The woman tries to hush Holly, but it sounds more like “Tch, tch, tch.” She looks both ways up and down the sidewalk in front of her property, then reaches out and grabs Holly by the forearm, holding her cigarette in the other hand. “Come in. Hurry, please.” She closes the door behind Holly and leads her through a mostly white house that looks like it was decorated entirely from Ikea catalogs and by watching reruns of mod shows from the 1960s. A thick, white fur rug covers the space in front of a low sectional couch, and a huge pendant lamp dangles from a delicately arched silver stand, its base improbably holding the whole thing upright.

“The computer is here,” the woman says. “And I am Eva.”

“Holly,” Holly says, extending a hand in a belated introduction. “Thank you for this. I really appreciate it.”

Eva points at a spot on the couch and lifts the lid on the laptop. “It’s all yours,” she says, clicking on a tab and closing what she’s been looking at.

“Thank you so much,” Holly says. She sinks into the couch and starts tapping her log in information into the computer. She feels like the hero in an action movie with only seconds left to defuse a bomb as she fights against the clock to get the information from her email account before River gets back from the store.
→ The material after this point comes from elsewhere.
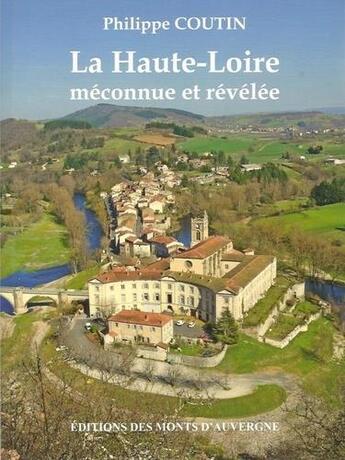 Couverture du livre « La Haute-Loire méconnue et révélée » de Philippe Coutin aux éditions Monts D'auvergne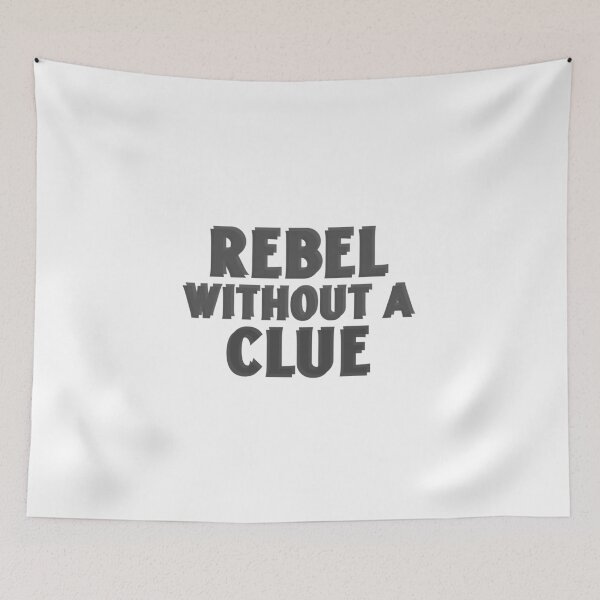 Item preview, Rebel without a clue designed and sold by dgutpro87.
Eva wanders over to the open kitchen area and stubs her cigarette out in a blue cut-glass ashtray, her eyes focused on the water just beyond the windows. “Men are funny creatures, aren’t they?” she wonders. Her back is to Holly as she watches a bird swoop and dive into the water. “My husband once bought me a cat when I’d already told him that I didn’t want animals in our house.”

“Really?” Holly asks politely, her eyes on the computer screen.

“Yes. He thought I was missing something by not having a pet, but I swore to him I wasn’t missing anything at all.”

“They don’t believe us, do they?” Holly asks distractedly, scanning her inbox for the most important looking messages. It’s Friday evening, which means it’s lunchtime on Christmas Key. Her last email from Bonnie is two days old, and all she talks about is Coco wanting to help out in the B&B office. Not that Coco meddling in B&B business isn’t bad enough, but at least she hasn’t opened an email to find an S.O.S. from Bonnie or a message informing her that Christmas Key has already been bought and paid for by some outside entity.

“It’s not that they don’t believe us,” Eva goes on, oblivious to Holly’s eyes rapidly scanning the computer screen. “It’s that they don’t believe we already know what we want.”

Holly finishes reading Bonnie’s email about Coco rearranging her desk and demanding that she call an impromptu village council meeting. It makes her blood boil to imagine her mother moving her belongings around and answering the office phone, but the real panic sets in when she imagines Coco hearing that Holly is out of reach and hasn’t been heard from.

“But maybe your man isn’t trying to control you by forcing you to say yes to everything,” Eva allows, tearing her eyes from the window so she can find her pack of cigarettes in the fading light. She switches on a lamp on the kitchen counter. “Maybe he really just wants you to see that the world gets, you know…” Eva waves her hand around like she’s searching for words, a new, unlit cigarette already between her fingers, “...bigger. It grows when you say yes to things you otherwise would have said no to.”

Holly pauses, considering this. “You’re right,” she says. “I have definitely said yes to things on this trip that I would have normally said no to.”

“And have you learned anything? Does the world seem bigger?”

“It seems...scarier,” Holly says. “It makes me want to go home right now and not leave my little island ever again.”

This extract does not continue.